Physically Phit

I was going to try to come up with all sorts of spiritual reasons, I was going to try to be really smart. But, here’s the real. I am going to start working out and eating healthier. Yesterday, I watched a woman say goodbye to her husband. Yesterday, I realized, I do not want that to happen. I don’t want Andrea to have to endure that. I know I can’t control everything, and Got ultimately will have to decide that but, I do know that I can do everything in my power to avoid that. Step one, healthy diet, step two, exercise.

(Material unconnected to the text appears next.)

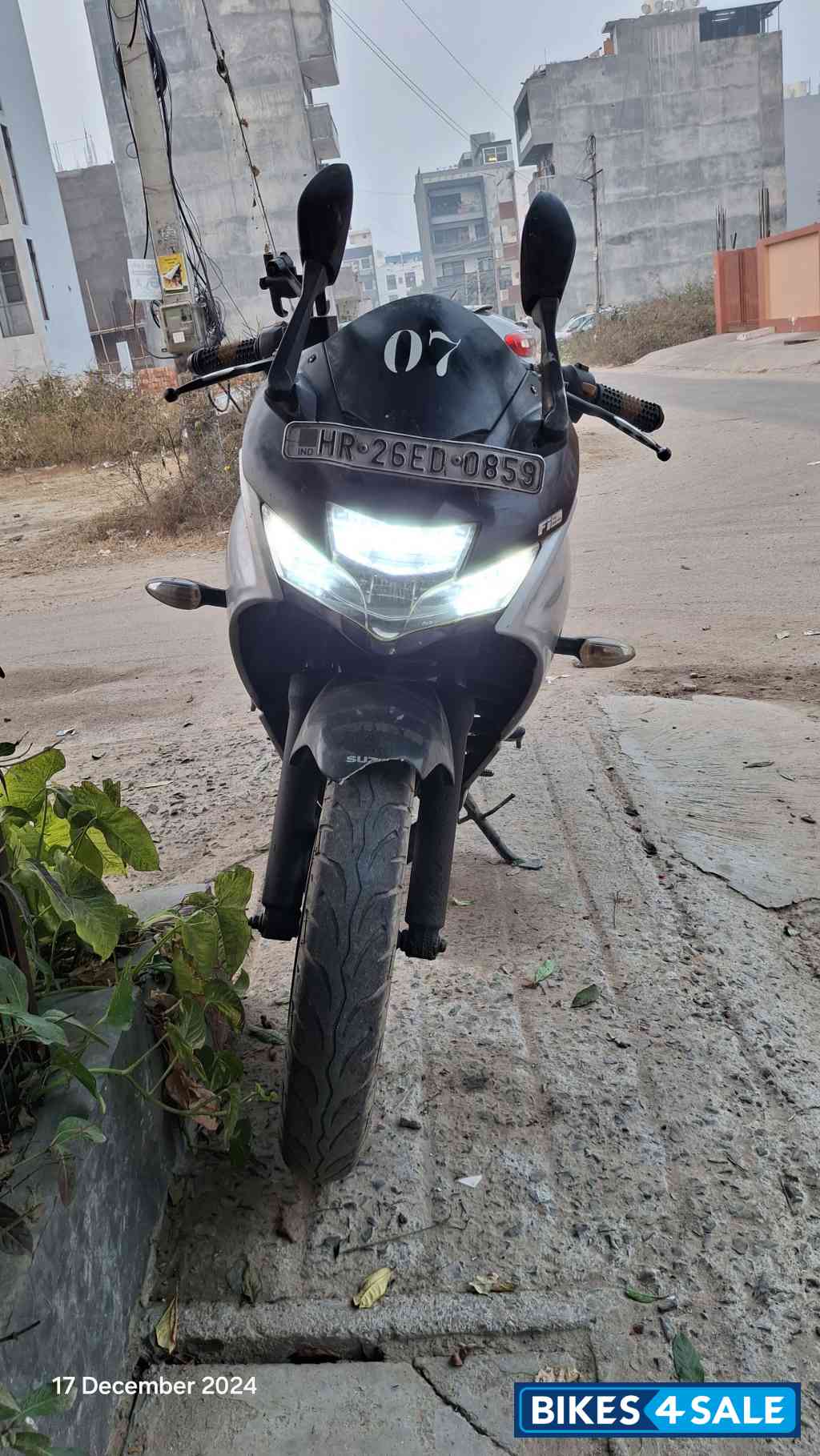 Silver Suzuki Gixxer SF BS6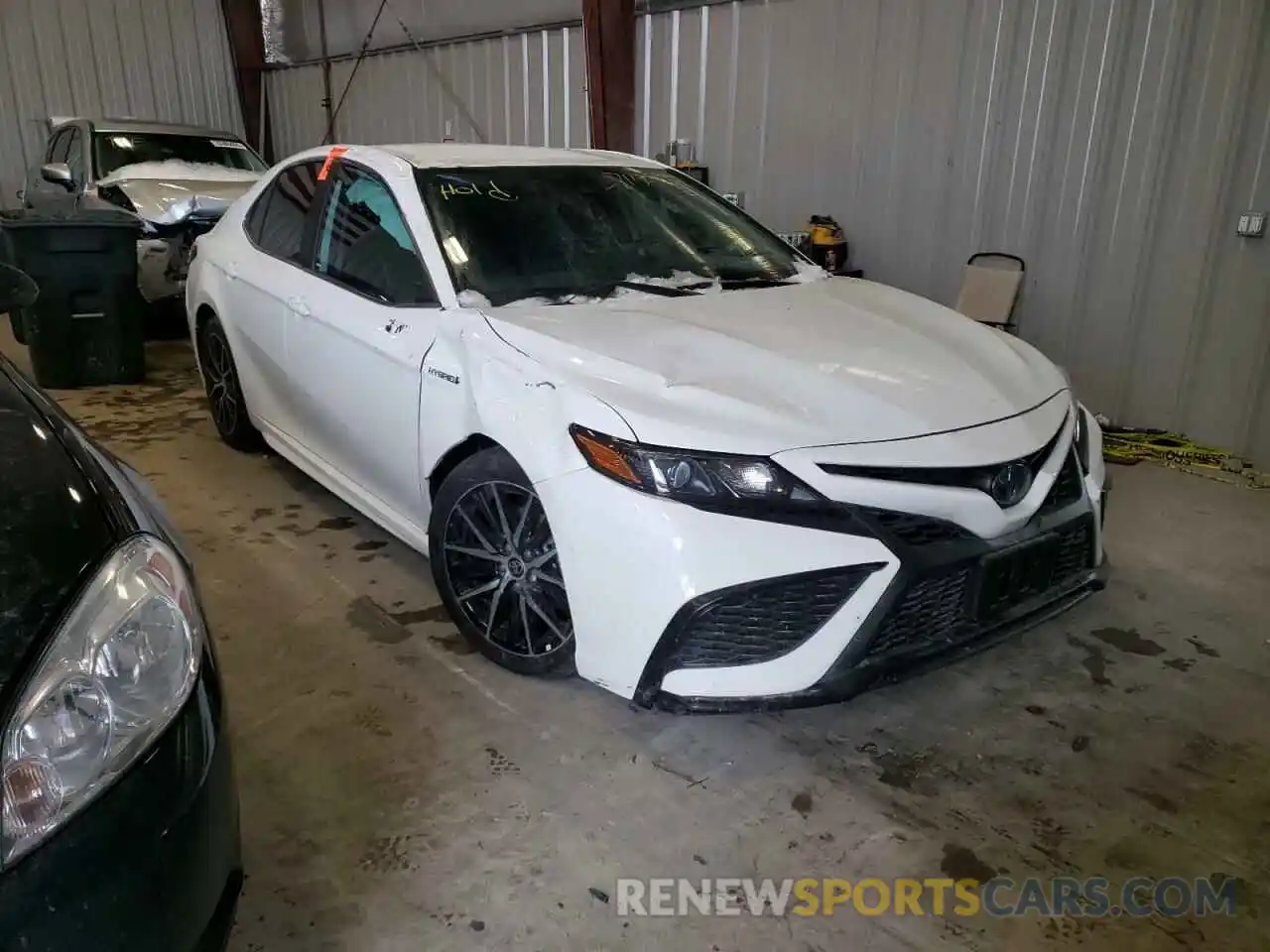 1 Photograph of a damaged car 4T1G31AK9MU564395 TOYOTA CAMRY 2021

I know, it sounds tough, but I think I can do it. I don’t really have a “target” weight loss, I just have a target. Lose this fat gut. Look good in medium shirts again, and not get winded walking up stairs. God has given me all sorts of blessings. In a way, I feel like I am taking them for granted. That’s just silly. He has let me live through everything, and I treat my body like a junk(food)yard. It’s just not smart.

So. Starting today, I am eating right. That doesn’t mean diet, it is just a lifestyle change, and I am going to exercise. If it starts as 15 on a treadmill… so be it. I will improve, and in a year, I’ll be a healthy married man.

**pause** **Think**

What is God doing to me!? I’ll blog on that later!

  • http://www.trgckeathley.com Toby @ WTLF

    I’m right there with ya brother!! Actually been off and on (more off) for the last 10 years. It’s time to get on and stay on. We are on week 11, I think and feeling good!! Good luck!